Vegan Action puts it more eloquently than I ever could. 
For the planet: Veganism is literally a change for a better world. While many people go vegan for the animals, many others go vegan for the planet (my husband included). Deforestation, soil depletion, and increased air and water pollution are all direct results of animal agriculture. Going vegan can literally save the planet.
(Source: Science Mag)
For others: Of all the reasons to go vegan, this one shocked me the most. If you do not choose to go vegan for the animals or for the planet, how about for other humans? 70 percent of the grain grown in the US feeds livestock. That is the hard truth. It is also estimated that 700 million tons of food that could be consumed by humans goes to livestock each year (Source: Global Citizen). There is more than enough food to feed all of the humans on the planet and then some. However, by choosing to use so much of our crops to feed livestock so that they can then be murdered to become somebody’s meal, we are cutting the available food we have significantly. People are literally starving to death while humans feed their crops to animals so that they can have a steak dinner and some ice cream.

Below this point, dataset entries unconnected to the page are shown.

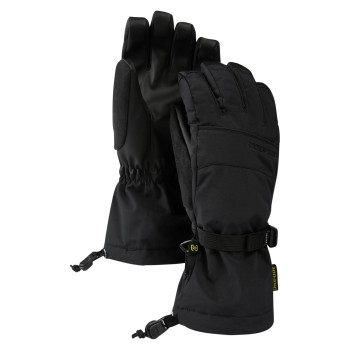 Burton Profile Gloves - Γυναικεία Γάντια Ski & Snowboard - True Black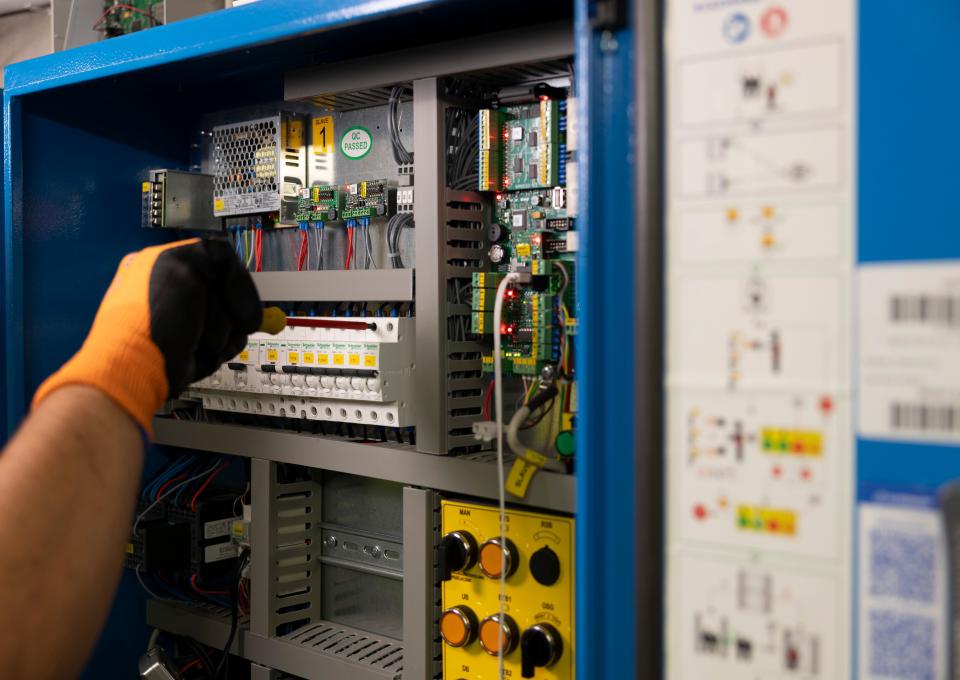 Lift Modernisation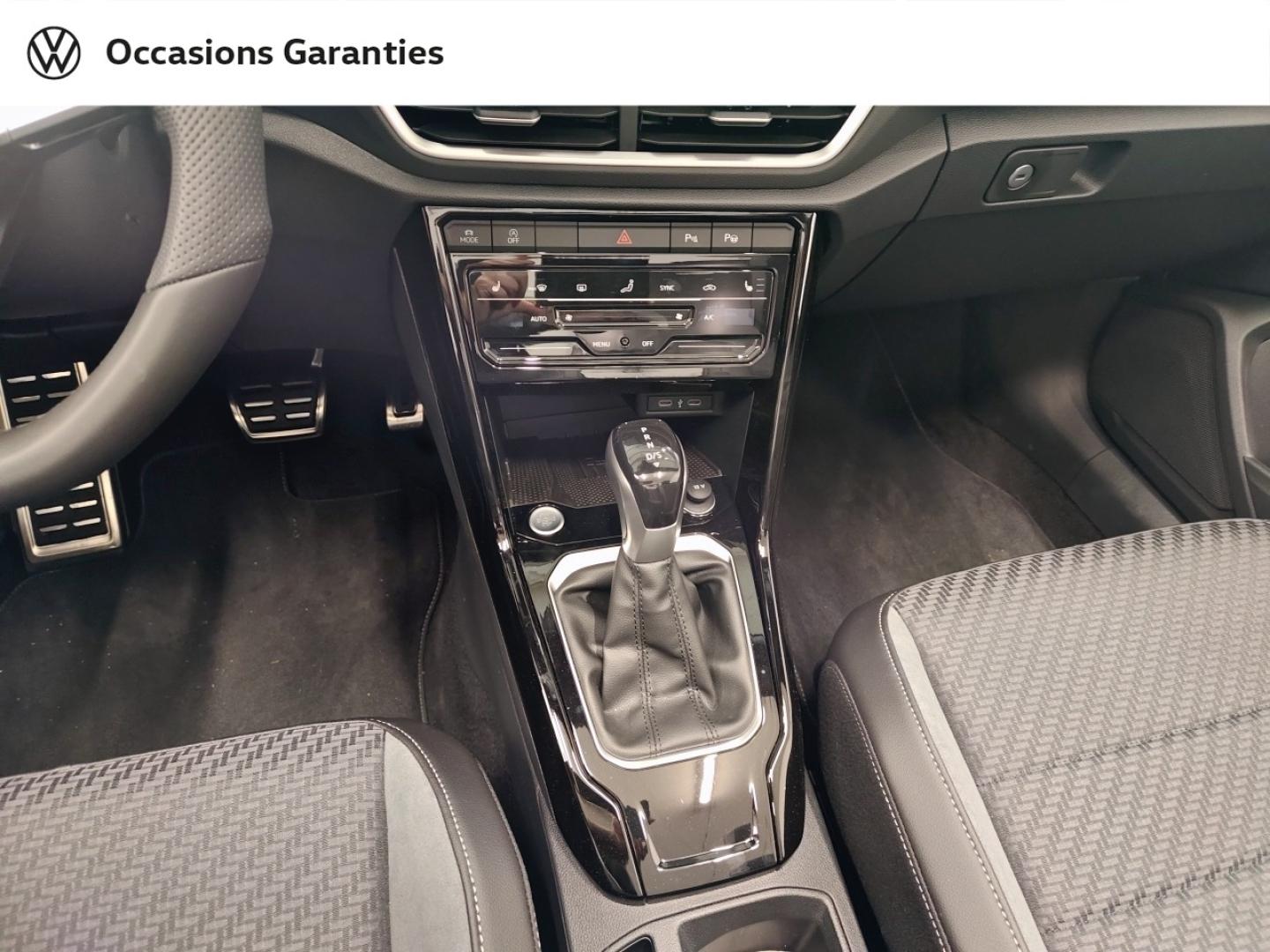 Voitures occasions VOLKSWAGEN T-Roc Cabriolet R-Line Nice
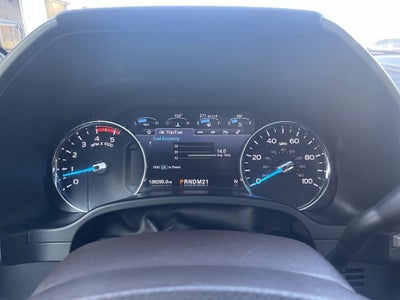 2017 Ford Super Duty F-250 SRW Lariat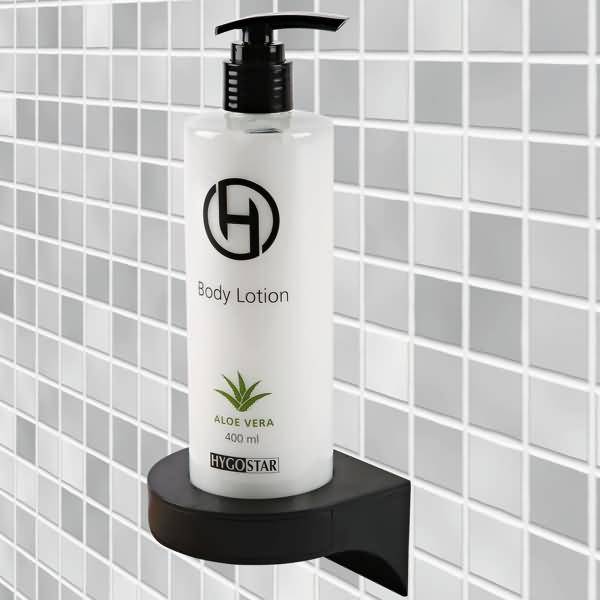 Body Lotion Aloe Vera 556313 Pumpspender 400ml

For myself: I am thriving on a vegan diet and lifestyle. My body has never felt more energized. Being mindful of what goes in and on my body has made me the healthiest I have been in my life. Take a look at The China Study or watch Forks Over Knives if you don’t believe me. I do not have a nutrition degree, nor have I attended medical school, so I can only speak of what I have experienced. I am now feeling more alive than when I adhered to an omnivore diet/lifestyle.